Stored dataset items
_ _ _ _

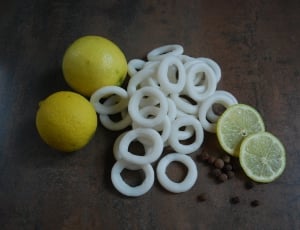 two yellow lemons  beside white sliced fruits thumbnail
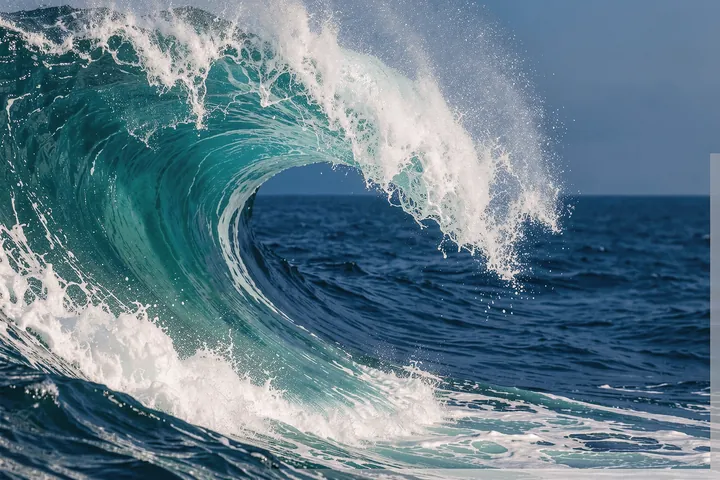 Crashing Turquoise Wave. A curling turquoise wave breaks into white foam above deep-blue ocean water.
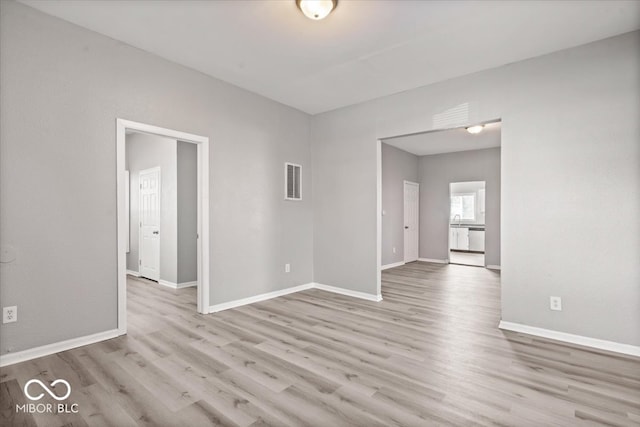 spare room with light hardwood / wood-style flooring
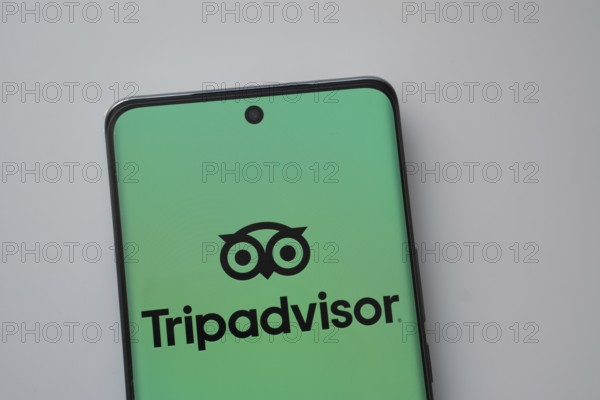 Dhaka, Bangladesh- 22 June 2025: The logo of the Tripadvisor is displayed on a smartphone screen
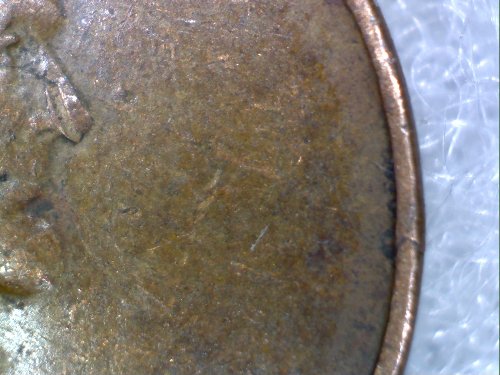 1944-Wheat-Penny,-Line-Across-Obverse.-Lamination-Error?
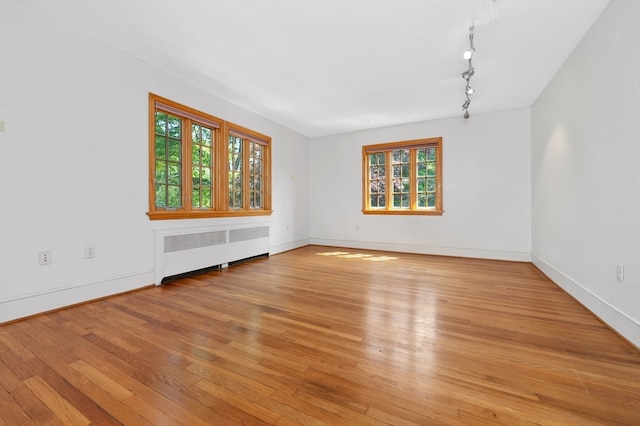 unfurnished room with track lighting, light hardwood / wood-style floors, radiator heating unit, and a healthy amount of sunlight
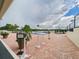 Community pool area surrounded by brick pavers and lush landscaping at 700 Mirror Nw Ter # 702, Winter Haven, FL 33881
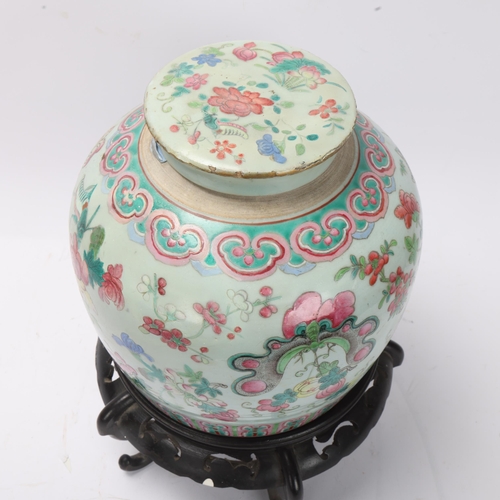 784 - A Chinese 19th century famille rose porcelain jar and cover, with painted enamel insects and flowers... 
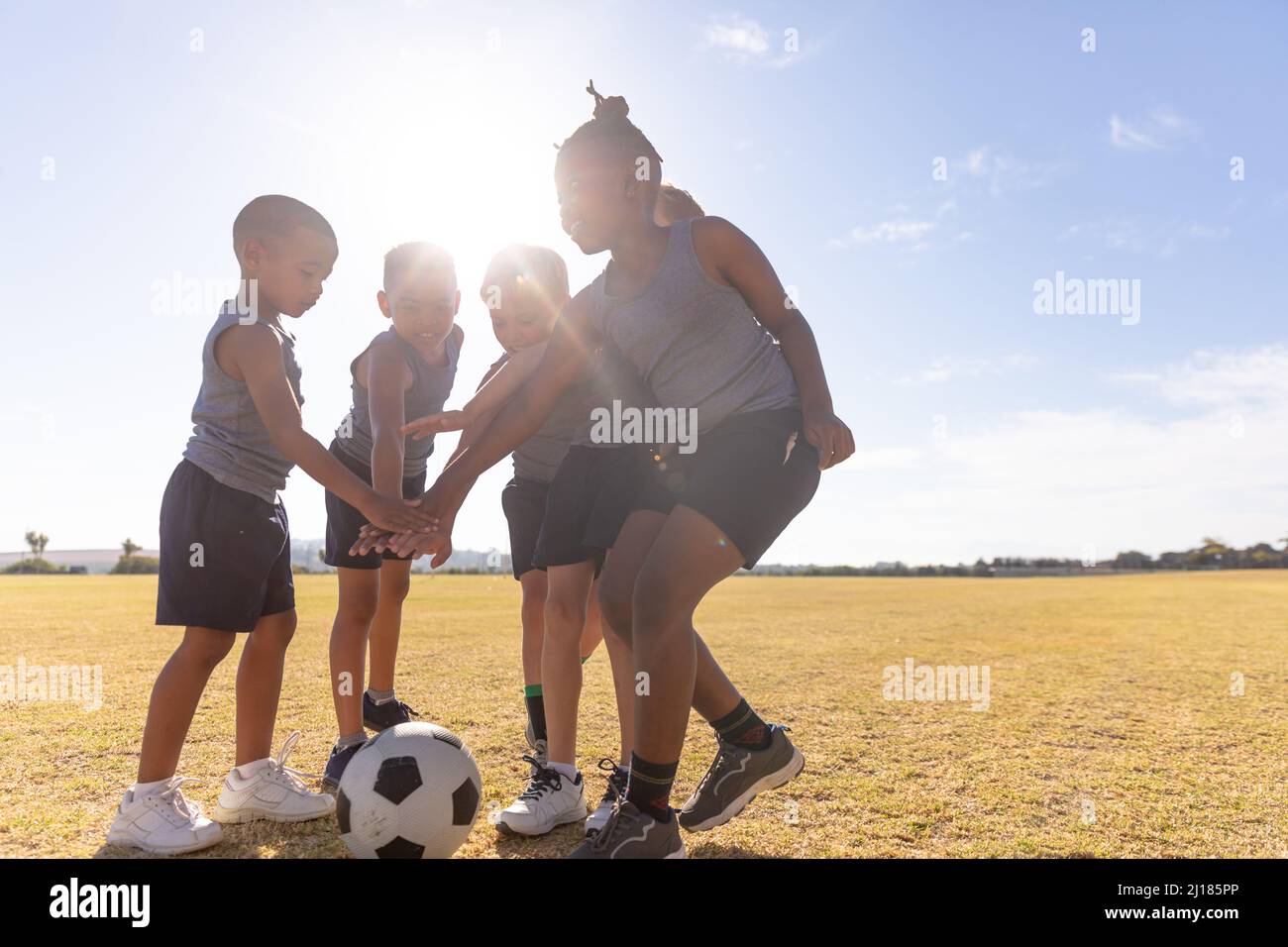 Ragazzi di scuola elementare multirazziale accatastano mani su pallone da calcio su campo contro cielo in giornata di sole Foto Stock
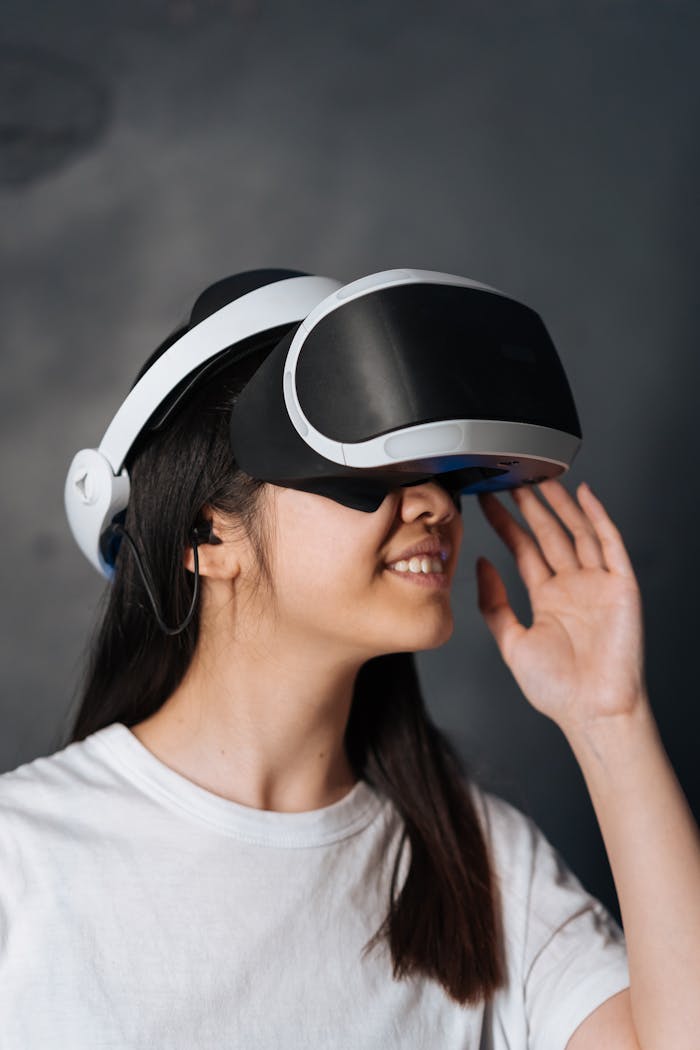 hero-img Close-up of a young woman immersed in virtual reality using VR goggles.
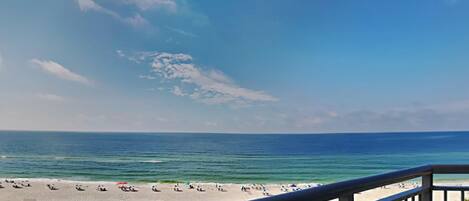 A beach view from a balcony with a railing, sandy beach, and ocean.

_ _ _ _

— Action item —
In the data above, retype only the stretch from the line with "spare room with" through the line with "784 - A Chinese", word for word, and skip any pictures.

— Exercise result —
 spare room with light hardwood / wood-style flooring
 Dhaka, Bangladesh- 22 June 2025: The logo of the Tripadvisor is displayed on a smartphone screen
 1944-Wheat-Penny,-Line-Across-Obverse.-Lamination-Error?
 unfurnished room with track lighting, light hardwood / wood-style floors, radiator heating unit, and a healthy amount of sunlight
 Community pool area surrounded by brick pavers and lush landscaping at 700 Mirror Nw Ter # 702, Winter Haven, FL 33881
 784 - A Chinese 19th century famille rose porcelain jar and cover, with painted enamel insects and flowers... 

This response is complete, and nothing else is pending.